Just a couple weeks before, we’d had a brief conversation as my wife changed over our insurance plans—auto, home, health—from Indiana to Tennessee. “Do we want maternity coverage?” she asked. We both said no. That was it. No big discussion. No checking in again to make certain. Just a brief exchange over insurance. Several days later, my wife walks into the living room.
“I’m pregnant.”
It was a sobering moment. No fanfare. No emotions. I just remember a quiet moment where we both reflected on the coming reality. It was happening. We were hardly alone in this endeavor. We would adjust. Some deep breaths later, we simply moved on with our day.
The next January, Elliot was born. His mother took to him immediately, a switch flipped internally, and it was a beautiful thing to see. It took me quite a while. If anything, it was confrontational. Even today, my own father and I haven’t talked for years (and that’s par for our course). I had no model and certainly no idea of how to proceed as a dad. It wasn’t just a scary proposition. I was terrified of the future—mine and his.

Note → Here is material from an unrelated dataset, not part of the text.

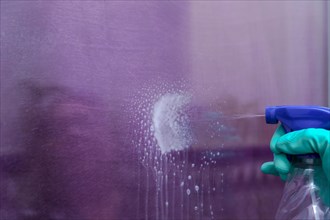 Close-up shot of a spray can of spray cleaner spraying liquid onto a glass pane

It's learning to trust in ways I've forgotten and love in ways I've withheld. Matt Conner
What I had yet to discover is that a child was exactly what I needed in the moment, that I needed to see the world through a lens different than my own. It took considerable time and effort (and counseling) but gradually I’ve grown to love fatherhood. It’s his joy, his wonder, his capacity for love that has healed so much within me. So much about my five-year-old confronts me in meaningful ways—his ability to be present, his trust in people and processes, his longing for adventure, his innocent heart, his held out arms extended to the world around him.
Two years ago, one of my favorite bands, Elbow, released a song that somehow cut to the core of my own experience. Few instances are as powerful as the moment when someone gives you language for things you’ve felt or experienced, and Guy Garvey, the principal lyricist and vocalist of the band, provided that for me on a song called “Magnificent (She Says)”. He was confronted with being a new father himself at the time he wrote the song. I’ll let him share the set-up.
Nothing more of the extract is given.